Bana göz ucuyla bakıp, bilemiyorum dedi, sen bu gün için böyle bir teklif henüz yapmadın ve yapacağında yok gözüküyor...
???
Ben gidiyorum...
Nasıl yaniiii? Kim leeeyn bu Fransız ve teklifi ne? Veeer telefonu...

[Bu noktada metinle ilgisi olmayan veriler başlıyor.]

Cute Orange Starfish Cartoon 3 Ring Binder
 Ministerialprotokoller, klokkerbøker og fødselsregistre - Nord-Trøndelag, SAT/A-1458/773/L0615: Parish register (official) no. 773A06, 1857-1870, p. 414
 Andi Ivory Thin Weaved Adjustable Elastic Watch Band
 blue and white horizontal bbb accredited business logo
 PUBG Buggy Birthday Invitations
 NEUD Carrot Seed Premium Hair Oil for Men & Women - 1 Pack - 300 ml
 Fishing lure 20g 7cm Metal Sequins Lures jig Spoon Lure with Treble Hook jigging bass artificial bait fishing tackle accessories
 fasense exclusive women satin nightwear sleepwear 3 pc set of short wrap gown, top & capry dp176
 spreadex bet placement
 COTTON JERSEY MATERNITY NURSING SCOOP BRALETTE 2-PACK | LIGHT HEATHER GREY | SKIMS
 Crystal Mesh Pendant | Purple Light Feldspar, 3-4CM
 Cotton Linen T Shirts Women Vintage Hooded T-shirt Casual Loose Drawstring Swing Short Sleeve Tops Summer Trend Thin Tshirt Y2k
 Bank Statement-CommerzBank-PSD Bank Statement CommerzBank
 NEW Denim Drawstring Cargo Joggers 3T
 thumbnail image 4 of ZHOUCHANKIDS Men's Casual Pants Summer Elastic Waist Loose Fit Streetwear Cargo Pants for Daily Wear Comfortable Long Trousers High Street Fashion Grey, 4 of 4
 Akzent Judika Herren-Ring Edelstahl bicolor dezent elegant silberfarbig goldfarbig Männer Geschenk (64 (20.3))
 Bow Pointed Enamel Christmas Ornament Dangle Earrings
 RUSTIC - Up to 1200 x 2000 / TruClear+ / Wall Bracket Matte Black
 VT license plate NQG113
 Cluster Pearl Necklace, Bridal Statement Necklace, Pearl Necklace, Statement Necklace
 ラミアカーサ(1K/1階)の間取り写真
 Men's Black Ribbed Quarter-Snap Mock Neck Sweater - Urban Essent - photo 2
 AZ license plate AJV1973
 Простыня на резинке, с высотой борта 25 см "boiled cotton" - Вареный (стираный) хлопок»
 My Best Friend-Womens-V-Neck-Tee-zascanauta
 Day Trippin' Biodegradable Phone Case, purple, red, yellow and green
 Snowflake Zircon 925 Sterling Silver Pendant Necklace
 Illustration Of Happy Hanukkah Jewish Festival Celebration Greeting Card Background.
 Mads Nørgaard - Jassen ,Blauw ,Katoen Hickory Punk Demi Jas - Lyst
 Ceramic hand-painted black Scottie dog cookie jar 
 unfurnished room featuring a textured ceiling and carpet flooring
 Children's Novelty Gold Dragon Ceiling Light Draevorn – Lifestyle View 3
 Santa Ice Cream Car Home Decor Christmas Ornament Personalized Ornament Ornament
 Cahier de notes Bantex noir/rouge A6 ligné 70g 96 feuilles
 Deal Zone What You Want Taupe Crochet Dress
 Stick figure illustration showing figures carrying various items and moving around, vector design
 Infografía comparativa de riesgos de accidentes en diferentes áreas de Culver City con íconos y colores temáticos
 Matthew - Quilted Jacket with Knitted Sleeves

Gülmemek için kendini zor tutarak bana telefonu uzattı; ben sesli olarak mesajı okumaya başladım:
Sevgililer gününe özel, soğanın kilosu şu, patatesin kilosu bu. 1 lt. Ayçiçek yağı şu kadar, omo bu kadar.

Puuuuuuuaaaaaaaaaaa :))))
Bu gerçek mi?
Yani sevgililer gününe özel büyük bir market tüm Türkiye'ye böyle mesajlar mı yolluyor...
Ulan sevgililer gününde soğanı kim napsıııııııın?
Kim ayçiçek yağının derdindedir ki?

Bir market olarak bu güne özel şarabı yap yarı fiyatına, banyo ürünlerini indir, küveti olan alsın banyo köpüğünü boca etsin küvete ve aşk yapsın, keyif yapsın...

Sevgililer gününde soğandı-omoydu nasıl bir fentezidir leeeyn bu !!!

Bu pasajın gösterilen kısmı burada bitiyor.